# Use the Workload Manager

SingleStore’s Workload Manager (WM) automatically manages cluster workloads by queuing and executing distributed queries based on available leaf connections, threads, and memory, so that queries only run when these resources are sufficiently available. It improves query execution efficiency and prevents workload surges from overwhelming the system. WM does not enforce CPU limits; CPU usage is controlled separately via resource pools (Resource Governance).

WM is concerned with:

* number of threads on leaves specified by the `workload_management_max_threads_per_leaf` variable.
* number of connections on each leaf specified by the `workload_management_max_connections_per_leaf` variable.
* leaf memory.

**Definition of the Variables Used by WM**

` 
      workload_management_max_threads_per_leaf
     `

The maximum number of threads to use per leaf. This number correlates with the `max_connection_threads` engine variable, and they should generally be set to the same value. This variable can sync to all aggregators.

` 
      workload_management_max_connections_per_leaf
     `

The maximum number of connections to use per leaf node in the cluster. This variable can sync to all aggregators.

` 
      max_connection_threads
     `

The maximum number of kernel threads for processing queries. For more, see [In-Depth Variable Definitions](https://docs.singlestore.com/db/v9.1/reference/configuration-reference/engine-variables/list-of-engine-variables/#in-depth-variable-definitions.md).

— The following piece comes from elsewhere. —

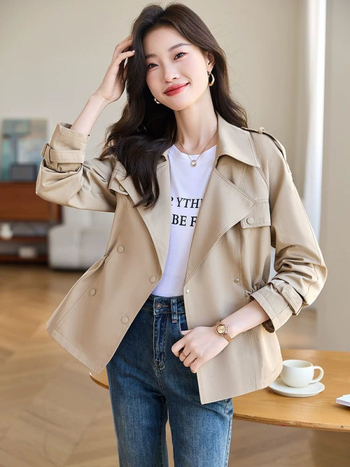 Женски къс тренчкот, полиестер със спандекс, принцес ръкави, костюмна яка, едноредово закопчаване, къс стил (40-50 см)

WM divides leaf resources among multiple aggregators. Assume a system with one leaf node and two aggregators. The  `workload_management_max_threads_per_leaf` variable is set to 1000, implying the total number of threads on the leaf node at any point of time is limited to 1K. Queries running on both aggregators will try to use the threads on the leaf and the WM will attempt to split this limit of 1K threads between the two aggregators based on the requirement of the queries on those two aggregators. If Aggregator1 is heavily loaded, the WM may decide to give 900 threads quota to Aggregator1 and 100 threads quota to Aggregator2.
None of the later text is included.